Each record that follows must be printed exactly as given.

[[ Extracted records, beginning ]]

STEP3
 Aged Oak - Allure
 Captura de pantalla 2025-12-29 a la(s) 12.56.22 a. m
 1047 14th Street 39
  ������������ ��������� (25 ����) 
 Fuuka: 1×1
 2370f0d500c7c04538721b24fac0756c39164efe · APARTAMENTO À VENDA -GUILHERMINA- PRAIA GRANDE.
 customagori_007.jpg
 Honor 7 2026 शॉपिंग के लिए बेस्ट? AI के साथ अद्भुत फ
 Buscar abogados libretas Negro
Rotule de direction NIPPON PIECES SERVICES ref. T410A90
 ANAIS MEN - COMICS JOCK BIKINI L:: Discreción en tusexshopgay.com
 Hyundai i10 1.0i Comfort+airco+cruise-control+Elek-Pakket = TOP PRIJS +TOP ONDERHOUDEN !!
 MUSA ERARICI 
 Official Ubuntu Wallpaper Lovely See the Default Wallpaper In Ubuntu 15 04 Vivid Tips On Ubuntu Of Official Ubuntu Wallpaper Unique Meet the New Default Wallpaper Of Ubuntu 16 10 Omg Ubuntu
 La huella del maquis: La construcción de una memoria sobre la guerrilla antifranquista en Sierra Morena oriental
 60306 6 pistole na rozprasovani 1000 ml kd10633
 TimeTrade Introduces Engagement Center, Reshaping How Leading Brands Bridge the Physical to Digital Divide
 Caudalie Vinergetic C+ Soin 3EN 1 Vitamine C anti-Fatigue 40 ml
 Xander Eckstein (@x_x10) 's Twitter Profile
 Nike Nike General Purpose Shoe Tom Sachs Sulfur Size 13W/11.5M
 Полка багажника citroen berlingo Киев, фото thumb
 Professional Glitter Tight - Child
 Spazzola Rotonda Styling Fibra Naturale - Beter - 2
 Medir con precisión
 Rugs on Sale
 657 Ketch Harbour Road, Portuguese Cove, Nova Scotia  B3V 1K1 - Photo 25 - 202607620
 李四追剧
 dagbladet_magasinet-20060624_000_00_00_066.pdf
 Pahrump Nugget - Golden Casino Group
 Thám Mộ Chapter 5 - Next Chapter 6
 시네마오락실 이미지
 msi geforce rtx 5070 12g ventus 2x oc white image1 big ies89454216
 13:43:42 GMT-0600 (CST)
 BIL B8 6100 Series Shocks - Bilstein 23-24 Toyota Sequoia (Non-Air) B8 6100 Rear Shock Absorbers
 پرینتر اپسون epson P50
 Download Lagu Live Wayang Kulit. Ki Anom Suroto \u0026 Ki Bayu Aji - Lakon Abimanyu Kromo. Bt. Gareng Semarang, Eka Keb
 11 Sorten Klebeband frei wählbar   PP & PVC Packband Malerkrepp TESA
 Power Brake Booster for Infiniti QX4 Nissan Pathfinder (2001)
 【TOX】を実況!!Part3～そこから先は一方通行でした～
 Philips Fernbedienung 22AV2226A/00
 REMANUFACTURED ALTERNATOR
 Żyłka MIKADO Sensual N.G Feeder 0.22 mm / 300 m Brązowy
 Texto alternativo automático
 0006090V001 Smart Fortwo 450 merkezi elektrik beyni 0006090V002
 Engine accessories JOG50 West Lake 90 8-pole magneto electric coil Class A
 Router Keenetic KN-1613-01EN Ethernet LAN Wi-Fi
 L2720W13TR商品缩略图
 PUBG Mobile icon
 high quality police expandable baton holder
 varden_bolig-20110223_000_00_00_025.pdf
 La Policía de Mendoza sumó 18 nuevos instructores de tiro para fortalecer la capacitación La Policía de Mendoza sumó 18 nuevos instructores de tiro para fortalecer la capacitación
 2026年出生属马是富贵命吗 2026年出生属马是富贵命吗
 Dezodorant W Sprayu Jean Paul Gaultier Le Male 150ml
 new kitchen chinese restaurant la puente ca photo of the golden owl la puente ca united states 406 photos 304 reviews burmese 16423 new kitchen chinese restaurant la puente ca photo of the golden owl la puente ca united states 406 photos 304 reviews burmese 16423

[[ Extracted records, end ]]

Response:
STEP3
 Aged Oak - Allure
 Captura de pantalla 2025-12-29 a la(s) 12.56.22 a. m
 1047 14th Street 39
  ������������ ��������� (25 ����) 
 Fuuka: 1×1
 2370f0d500c7c04538721b24fac0756c39164efe · APARTAMENTO À VENDA -GUILHERMINA- PRAIA GRANDE.
 customagori_007.jpg
 Honor 7 2026 शॉपिंग के लिए बेस्ट? AI के साथ अद्भुत फ
 Buscar abogados libretas Negro
Rotule de direction NIPPON PIECES SERVICES ref. T410A90
 ANAIS MEN - COMICS JOCK BIKINI L:: Discreción en tusexshopgay.com
 Hyundai i10 1.0i Comfort+airco+cruise-control+Elek-Pakket = TOP PRIJS +TOP ONDERHOUDEN !!
 MUSA ERARICI 
 Official Ubuntu Wallpaper Lovely See the Default Wallpaper In Ubuntu 15 04 Vivid Tips On Ubuntu Of Official Ubuntu Wallpaper Unique Meet the New Default Wallpaper Of Ubuntu 16 10 Omg Ubuntu
 La huella del maquis: La construcción de una memoria sobre la guerrilla antifranquista en Sierra Morena oriental
 60306 6 pistole na rozprasovani 1000 ml kd10633
 TimeTrade Introduces Engagement Center, Reshaping How Leading Brands Bridge the Physical to Digital Divide
 Caudalie Vinergetic C+ Soin 3EN 1 Vitamine C anti-Fatigue 40 ml
 Xander Eckstein (@x_x10) 's Twitter Profile
 Nike Nike General Purpose Shoe Tom Sachs Sulfur Size 13W/11.5M
 Полка багажника citroen berlingo Киев, фото thumb
 Professional Glitter Tight - Child
 Spazzola Rotonda Styling Fibra Naturale - Beter - 2
 Medir con precisión
 Rugs on Sale
 657 Ketch Harbour Road, Portuguese Cove, Nova Scotia  B3V 1K1 - Photo 25 - 202607620
 李四追剧
 dagbladet_magasinet-20060624_000_00_00_066.pdf
 Pahrump Nugget - Golden Casino Group
 Thám Mộ Chapter 5 - Next Chapter 6
 시네마오락실 이미지
 msi geforce rtx 5070 12g ventus 2x oc white image1 big ies89454216
 13:43:42 GMT-0600 (CST)
 BIL B8 6100 Series Shocks - Bilstein 23-24 Toyota Sequoia (Non-Air) B8 6100 Rear Shock Absorbers
 پرینتر اپسون epson P50
 Download Lagu Live Wayang Kulit. Ki Anom Suroto \u0026 Ki Bayu Aji - Lakon Abimanyu Kromo. Bt. Gareng Semarang, Eka Keb
 11 Sorten Klebeband frei wählbar   PP & PVC Packband Malerkrepp TESA
 Power Brake Booster for Infiniti QX4 Nissan Pathfinder (2001)
 【TOX】を実況!!Part3～そこから先は一方通行でした～
 Philips Fernbedienung 22AV2226A/00
 REMANUFACTURED ALTERNATOR
 Żyłka MIKADO Sensual N.G Feeder 0.22 mm / 300 m Brązowy
 Texto alternativo automático
 0006090V001 Smart Fortwo 450 merkezi elektrik beyni 0006090V002
 Engine accessories JOG50 West Lake 90 8-pole magneto electric coil Class A
 Router Keenetic KN-1613-01EN Ethernet LAN Wi-Fi
 L2720W13TR商品缩略图
 PUBG Mobile icon
 high quality police expandable baton holder
 varden_bolig-20110223_000_00_00_025.pdf
 La Policía de Mendoza sumó 18 nuevos instructores de tiro para fortalecer la capacitación La Policía de Mendoza sumó 18 nuevos instructores de tiro para fortalecer la capacitación
 2026年出生属马是富贵命吗 2026年出生属马是富贵命吗
 Dezodorant W Sprayu Jean Paul Gaultier Le Male 150ml
 new kitchen chinese restaurant la puente ca photo of the golden owl la puente ca united states 406 photos 304 reviews burmese 16423 new kitchen chinese restaurant la puente ca photo of the golden owl la puente ca united states 406 photos 304 reviews burmese 16423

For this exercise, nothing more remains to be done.